((
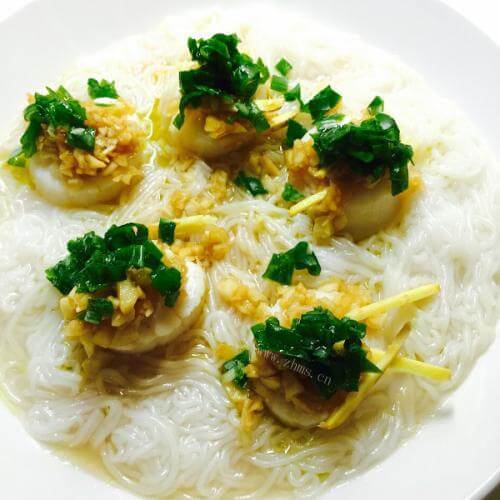家常粉丝蒸扇贝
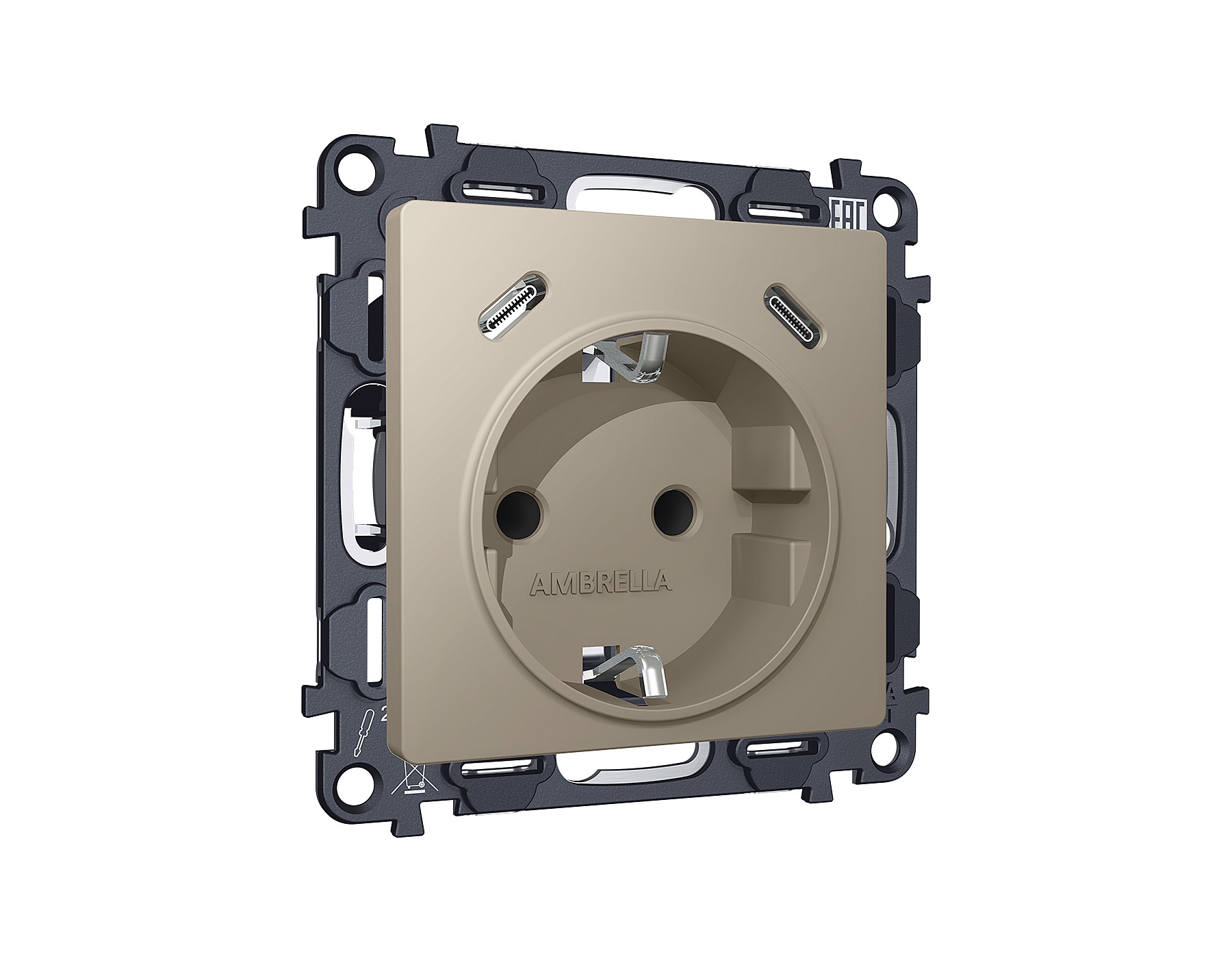 Розетка Ambrella Volt ALFA MA370510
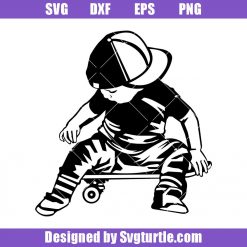 Skateboarding Boy Svg, Baby Skate Board Svg, Skateboard Svg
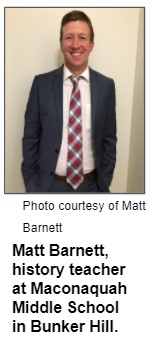 Teacher Matt Barnette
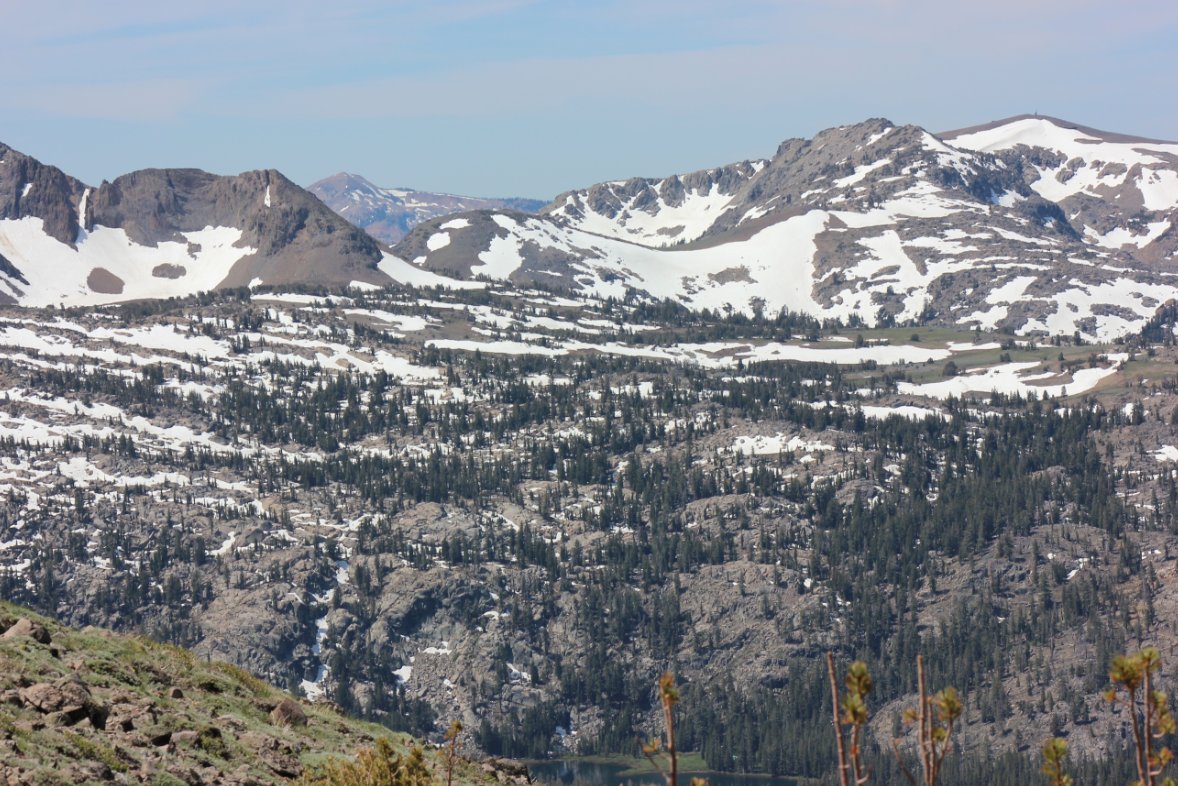 Mokulumne Peak from Red Lake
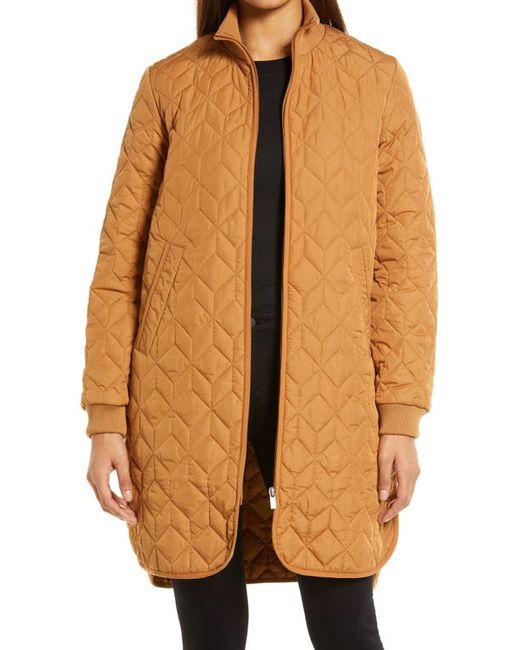 Ilse Jacobsen Isle Jacobsen Long Quilted Jacket in at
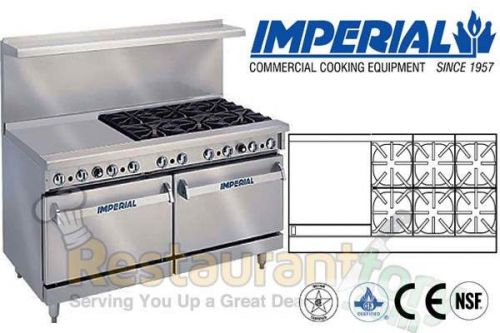 Imperial comm restaurant range 60&#034; w/ 24&#034; griddle 2 ovens propane ir-6-g24 for sale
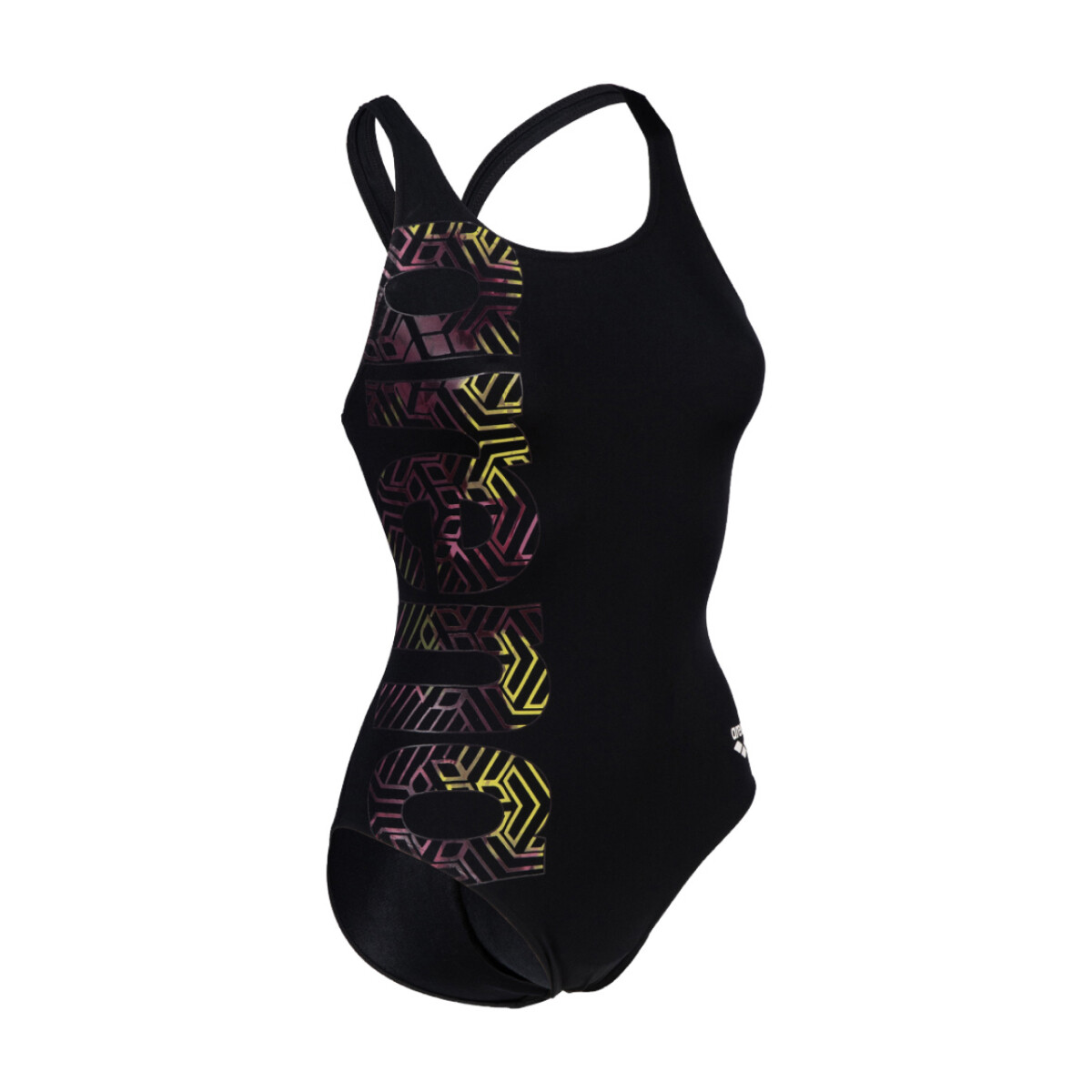 Malla De Entrenamiento Para Mujer Arena Women's Kikko Pro Swimsuit V Back Graphic Print - Negro 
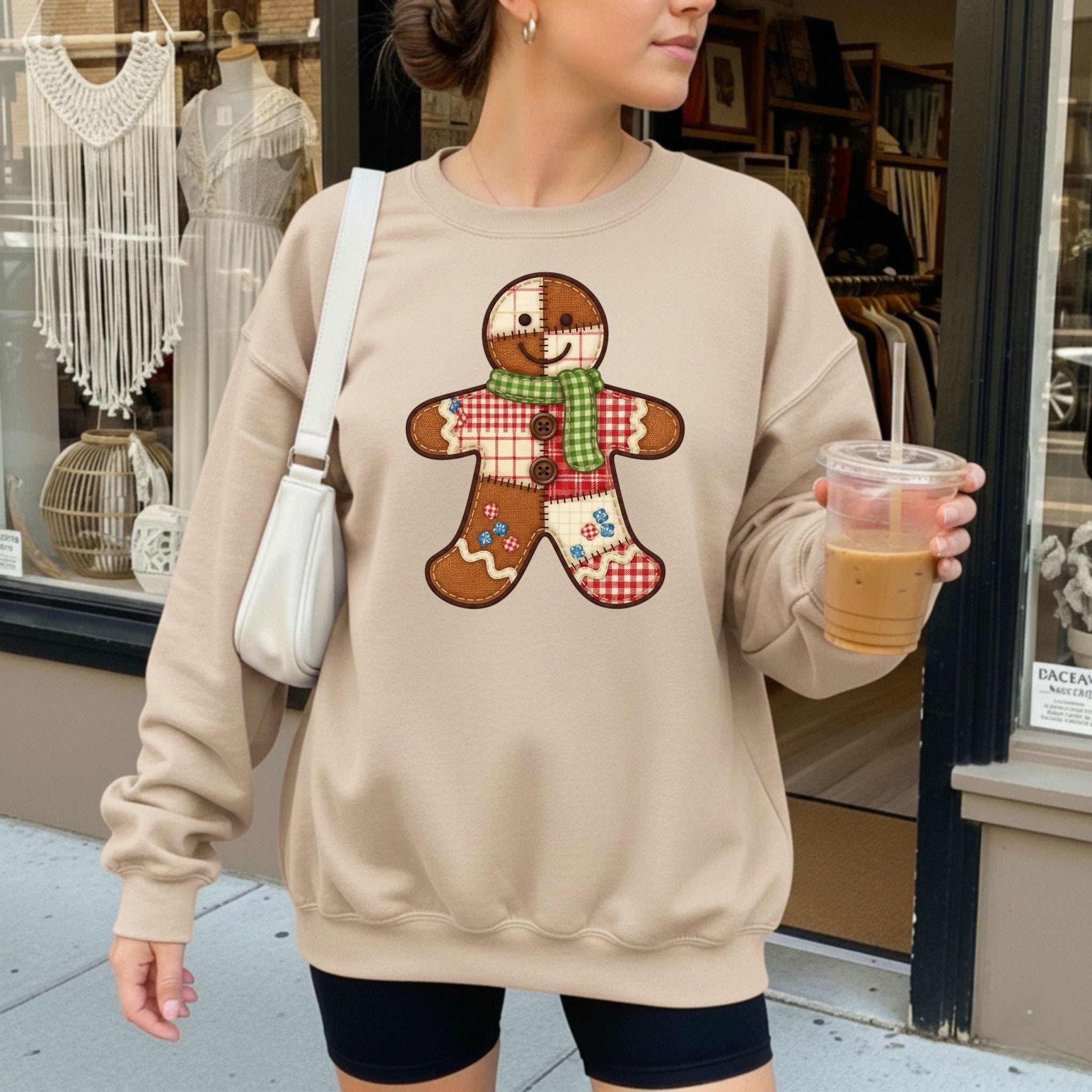 Gingerbread Sweatshirt – Patchwork Holiday Edition - Craig Michael Design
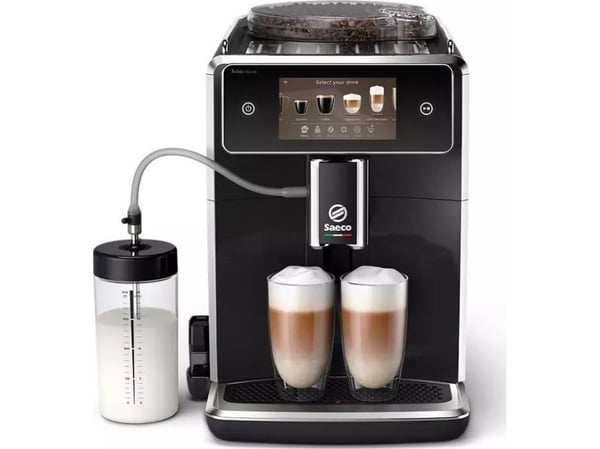 Saeco SM8780/00, Espressomaskin, 1,7 l, Kaffebönor, Inbyggd kvarn, 1500 W, Svart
))
## DIRECTIONS FOR THIS TASK
Your answer should hold only the lines from the one with "Gingerbread Sweatshirt –" through the final line of the listing above, transcribed exactly and without pictures.

## SOLUTION
 Gingerbread Sweatshirt – Patchwork Holiday Edition - Craig Michael Design
 Saeco SM8780/00, Espressomaskin, 1,7 l, Kaffebönor, Inbyggd kvarn, 1500 W, Svart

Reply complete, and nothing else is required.